The M6 and A14 ran freely and we were a couple of miles beyond Huntingdon and almost there before encountering traffic problems. Our planned route (we learned later) would have shown us a straggling village much of it modern and ordinary, but after leaving the A14 a little early we approached via Hemingford Abbot and a couple of wrong turns and fell, as if by magic, into the old village centre. It is one of those places cherished in our national imagination as a 'typical English village', though few of us live in such Gardens of Eden now - or indeed ever did. To paraphrase John Major paraphrasing George Orwell, this is the England of long shadows on cricket grounds, warm beer and old maids bicycling to Holy Communion through the morning mist.

Thatched house, Hemingford Grey

Apart from the thatched houses, large and small, there were renovated workers cottages….

Former workers' cottages, Hemingford Grey

… and houses where roses climbed the wall.

Roses up the wall, Hemingford Grey

Hemingford Grey is in Huntingdonshire, once a county in its own right but now merely a district of Cambridgeshire and the village pub is Cambridgeshire Dining Pub of the Year. Orwell’s ‘warm beer’ notwithstanding I am sure the beer is as well kept as in the Martin's Arms in Colston Bassett, the Nottinghamshire Dining Pub of the year we visited by happy accident last month. We did however, eschew The Cock today and met our daughter Siân at the Hemingford Garden Room, a Community Interest Company café, in the nearby parish rooms where we lunched in the garden beneath the shade of an umbrella.

The Cock, Hemingford Grey

The River Great Ouse and the Church of St James

Well-fed we strolled up the High Street which ends at the River Great Ouse. Across the river is St James’ church where the spire fell down during a hurricane in 1714. Despite the attempt to turn the stump into an architectural feature, it still looks like a stump.
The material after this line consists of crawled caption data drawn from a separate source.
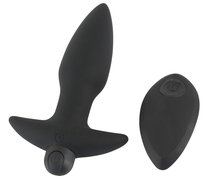 Черная анальная вибропробка с пультом ДУ Remote controlled Butt Plug - 13 см., цвет черный - ORION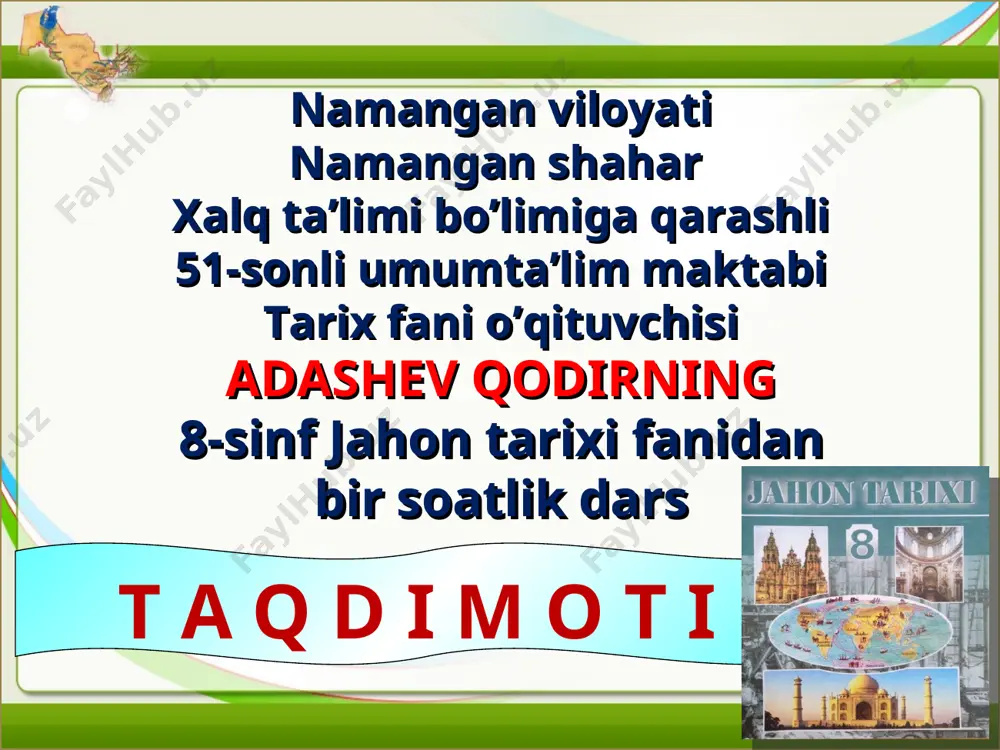 8-sinf jahon tarixi 7-mavzu slaydiiii 2020 — PPT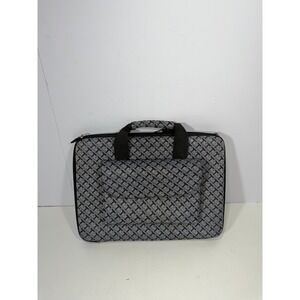 Kroo Grey Black Monogram Laptop Carrying Case Briefcase Padded Bag 13.5" macbook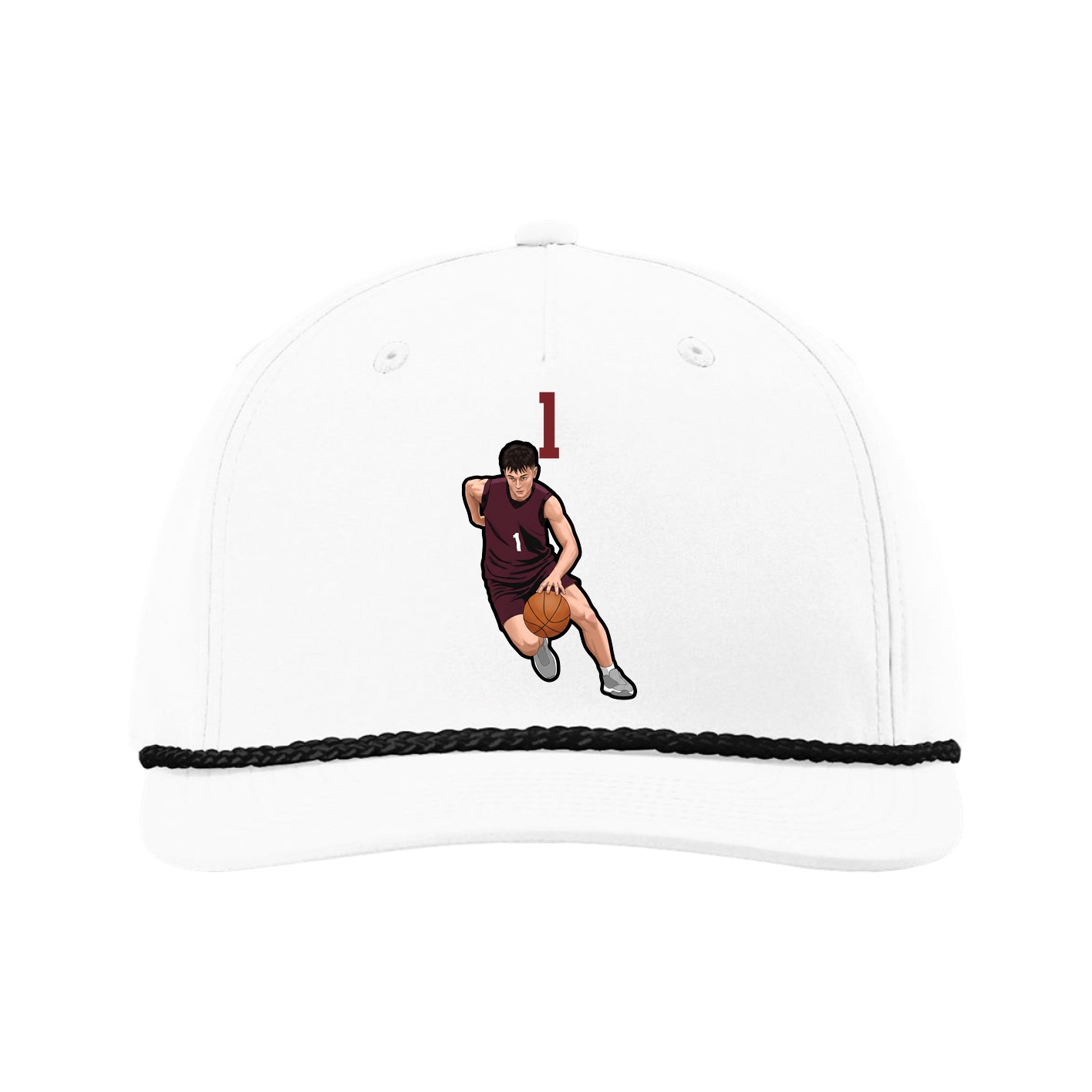Five-Panel Classic Rope Cap — Number Top in White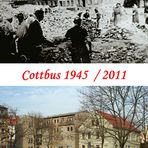 Cottbus: Vor dem Pfarrhaus im Stadtzentrum 1945 und heute
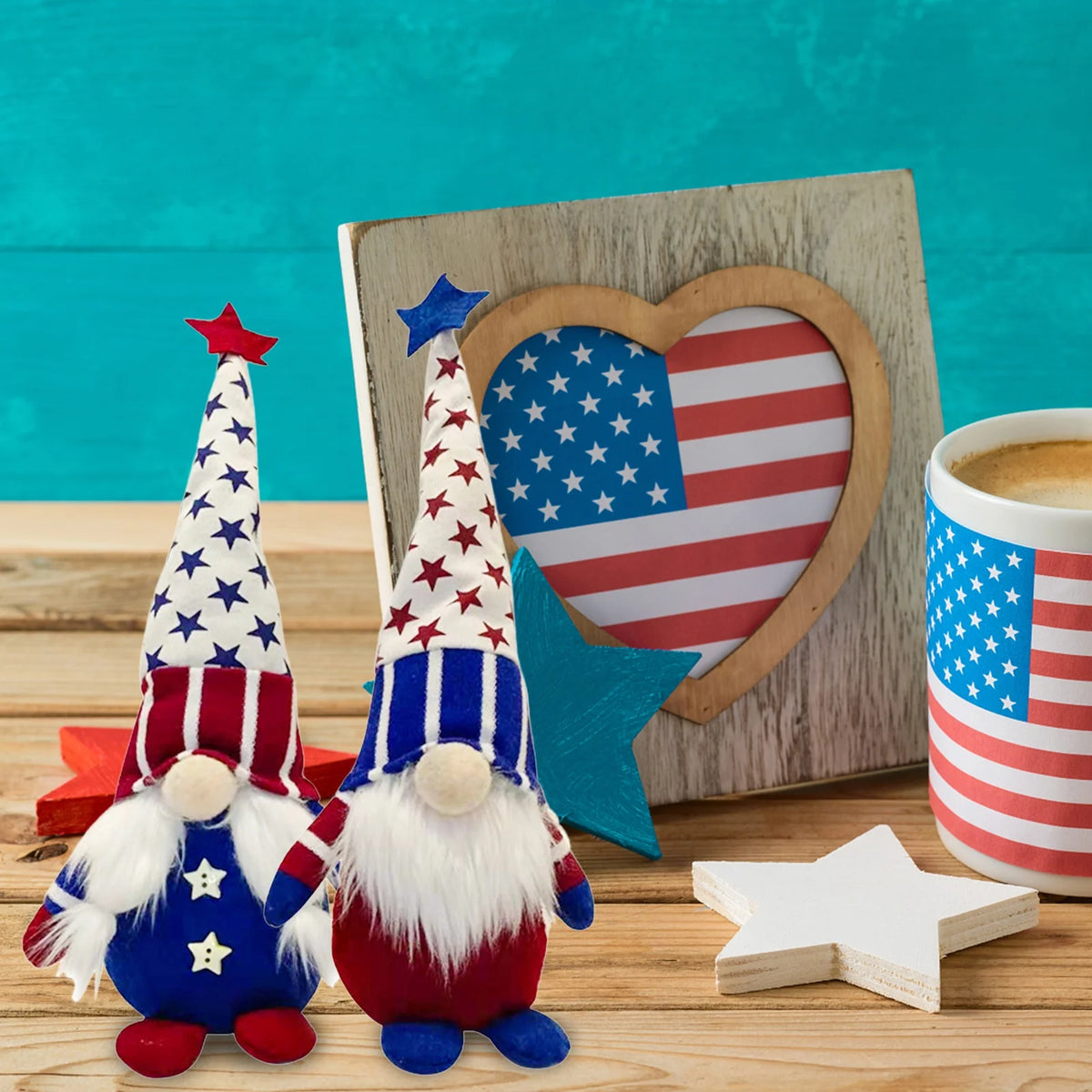 Patriotic 5th of July Gnome, American Independence Day Gnomes, Birth Announcement Memorial Day Elf Dwarf, Scandinavian Ornaments Handmade Plush Doll Stars & Stripes Gnome Home Decorations G148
St James', Hemingford Grey

We strolled down the riverside path until we reached a gate in the hedge.

The Manor, Lucy M Boston's Green Knowe

Hemingford Grey is undoubtedly a pretty village, but not so uniquely pretty we would have driven over two hundred miles between us merely to see it; we were actually on a pilgrimage. Siân says she hardly remembers the BBC adaptation of the Children of Green Knowe - four thirty-minute episodes broadcast in 1986 when she was five - but that led to the purchase of the book, and then to the other five in the series, written by Lucy M Boston between 1954 and 1976. They were read and re-read many times in the following years.

The gate in the hedge took us into The Manor, the home of Lucy Boston from 1939 to her death in 1990, and the inspiration for Green Knowe.

Into the gardens, The Manor, Hemingford Grey

The books feature a rather solitary twelve-year-old with the unlikely name of Toseland (actually the name of a village a few miles south of Hemingford Grey). While his parents are in Burma he spends his school holidays at Green Knowe with his wise and kindly great-grandmother Oldknow. During these visits Toseland (Tolly) meets the other children of the family who have inhabited Green Knowe over the centuries. They are, of course, ghosts, but not frightening spooks, merely young human beings displaced in time.

The writing, gently paced and literary, immerses the reader in this fantasy world and is demanding for young readers. After watching a BBC adaption of the first book, Lynne read all the books to Siân and they both came to love the stories.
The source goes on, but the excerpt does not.